Quando i suoi parenti si sono recati a fargli visita nel centro di detenzione in cui era trattenuto, è stato detto loro che il prigioniero non poteva ricevere visite in quanto aveva diffuso osservazioni sfavorevoli nei confronti di Xi Jinping e che «si trattava di questioni politiche». Le guardie del centro di detenzione hanno anche osservato che sarebbe stato inutile incaricare un avvocato della sua difesa.
Un altro netizen di Fujian è stato arrestato e imprigionato per due mesi perché, nel giugno 2018, aveva scritto su Weibo: «I nostri leader nazionali non fanno nulla di pratico, fanno solo un lavoro di facciata». Durante la detenzione le guardie hanno spesso incitato altri detenuti a picchiarlo provocandogli lesioni interne e una commozione cerebrale.
È fonte di guai con le autorità anche l’uso degli strumenti di elusione della censura disponibili su internet che vengono utilizzati per diffondere all’estero commenti sui leader del PCC. L’utente di Twitter “中国 文字狱 事件 盘点 (@SpeechFreedomCN)” ha pubblicato online le sentenze di due uomini giudicati colpevoli.

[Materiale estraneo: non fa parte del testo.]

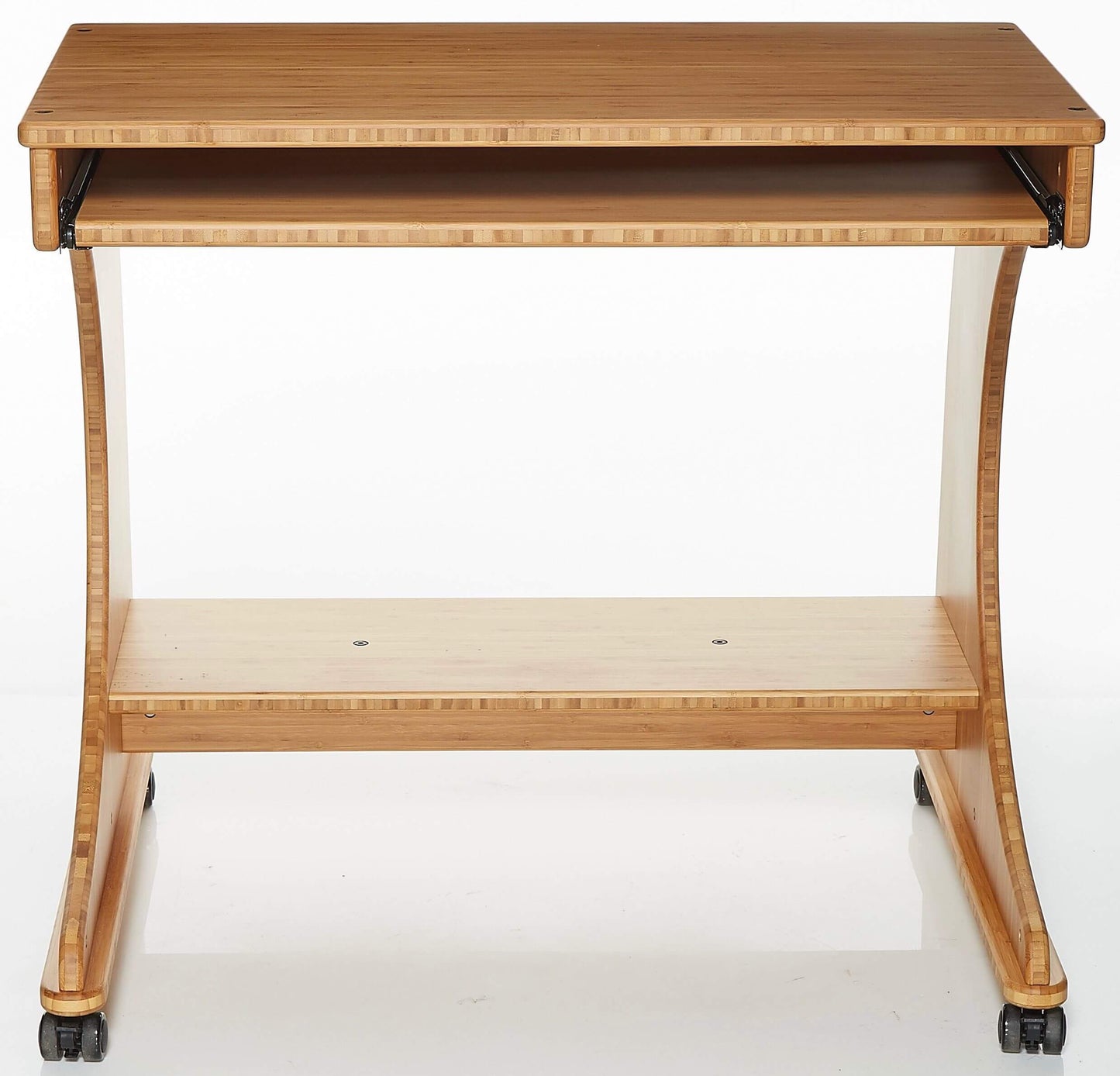 Mini Workstation 30"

Uno di loro si chiama Yang Zhaoxin e risiede nella contea di Yanjing nella provincia centrale dell’Henan. Il 4 marzo è stato condannato a dieci mesi per aver bypassato il Grande firewall cinese e diffuso su Twitter commenti sul regime e sui suoi leader. L’altro, originario della contea di Chaoyang nella provincia nord-orientale di Liaoning, si chiama Chen Guoji ed è stato condannato a due anni di reclusione e due anni in libertà vigilata per aver pubblicato su Twitter informazioni «sovversive del potere dello Stato, attacchi al sistema statale e ai leader oltre a osservazioni atte a istigare le persone».
Agenti di polizia e censori monitorano costantemente le comunicazioni online alla ricerca di qualsiasi espressione di insoddisfazione nei confronti del governo o critiche nei confronti dei suoi leader. Un netizen della provincia settentrionale dell’Hebei ha commentato: «Il PCC controlla rigorosamente ogni parola. Nessuno può dire la verità o peggio scriverla. Il governo ti cattura e ti punisce».

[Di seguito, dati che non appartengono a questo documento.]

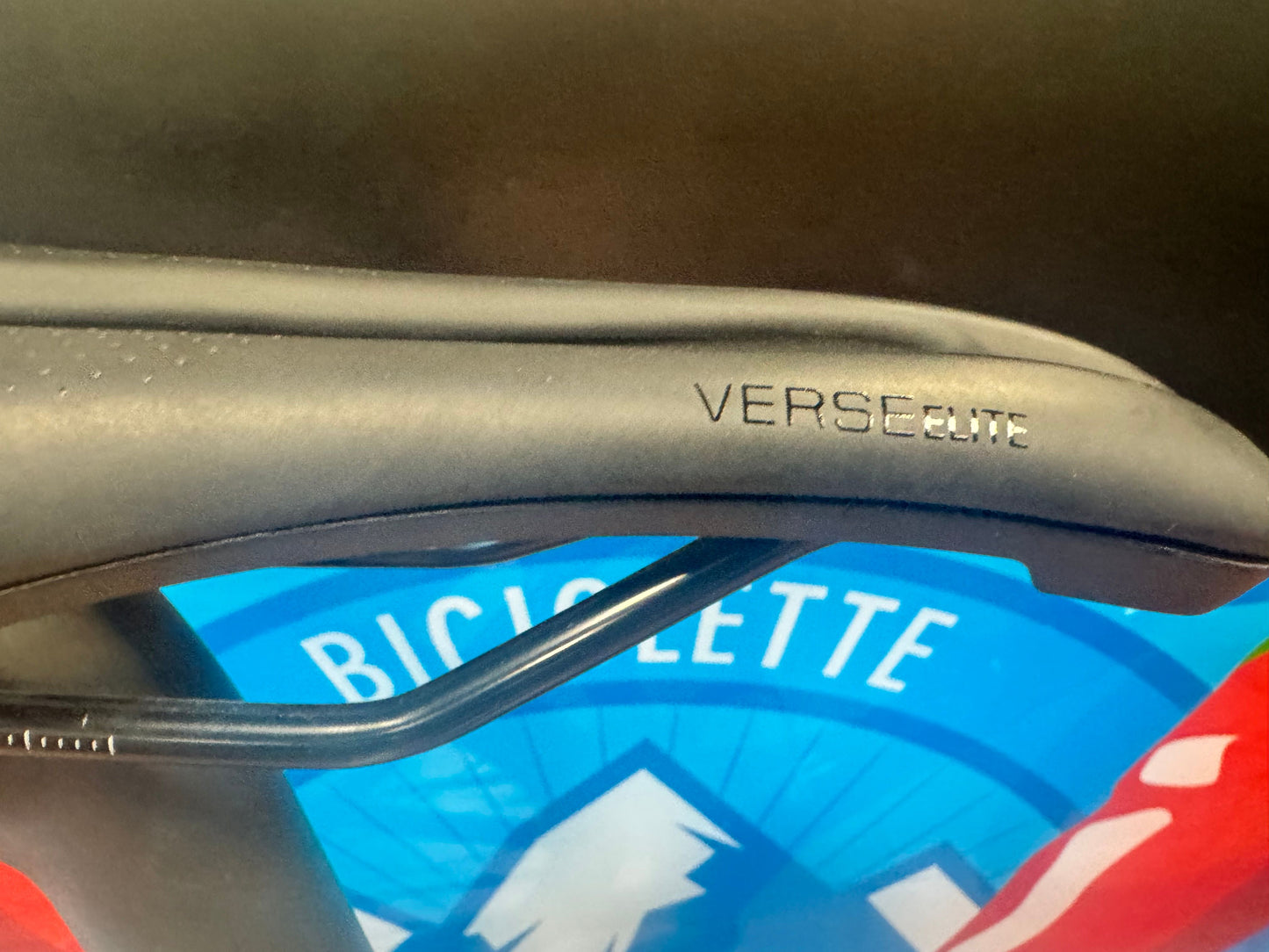 Trek Émonda Slr 9 2021 usata — dettaglio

Alla fine dello scorso anno, l’uomo aveva pubblicato nel suo gruppo su WeChat ‒ la principale piattaforma di social networking in Cina – il seguente commento: «Questo governo è peggio del precedente. C’è qualcosa che non va nelle sue politiche. Ora è difficile guadagnare e i prezzi dei beni sono aumentati». Due giorni dopo, è stato fermato e trattenuto per 15 giorni con l’accusa di «attaccare briga e provocare guai» inoltre gli è stata inflitta una multa di mille renminbi (circa 140 dollari statunitensi).
Un lavoratore della provincia settentrionale dello Shanxi è stato arrestato all’inizio del 2019 per aver pubblicato su WeChat il seguente commento: «Il governo cinese è corrotto e ingiusto. In Cina non esistono diritti umani». Questo e altri messaggi sulla «vita democratica e libera all’estero» sono stati bloccati poco dopo la loro pubblicazione. Due mesi dopo, la polizia di un’altra provincia dove l’uomo lavorava lo ha arrestato e trattenuto in stato di fermo per dieci giorni con l’accusa di «inventare storie e turbare l’ordine sociale». Il suo documento d’identità e il telefono sono stati confiscati.

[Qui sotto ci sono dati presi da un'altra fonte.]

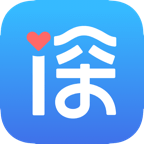 i深圳app v3.0.3 苹果版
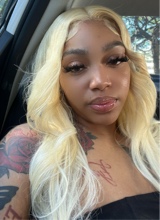 Guest_Glockstarz
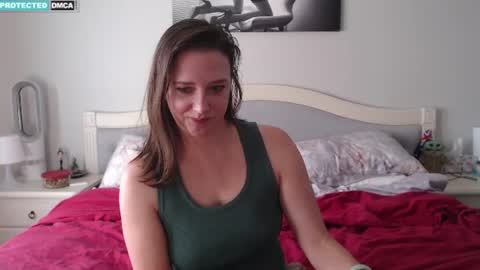 Stacey online show from 07.07.26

Secondo quanto riferito da una fonte, durante la detenzione gli agenti di polizia lo punivano costringendolo a stare seduto dritto per molto tempo a cantare inni patriottici e a recitare I criteri per essere un alunno e un bambino bravo (Di Zi Gui in cinese, ossia l’antico manuale basato sugli insegnamenti di Confucio, il più influente filosofo della Cina, 551-479 a.C., che insegna come essere brave persone). Se non riusciva a memorizzarli, non gli permettevano di dormire.
Un netizen della provincia dello Shanxi ha commentato: «In Cina democrazia e giustizia non esistono perché il Paese è governato da un regime dittatoriale. Se il sistema non cambia l’odio dei cittadini potrà solo aumentare e per il PCC sarà la fine».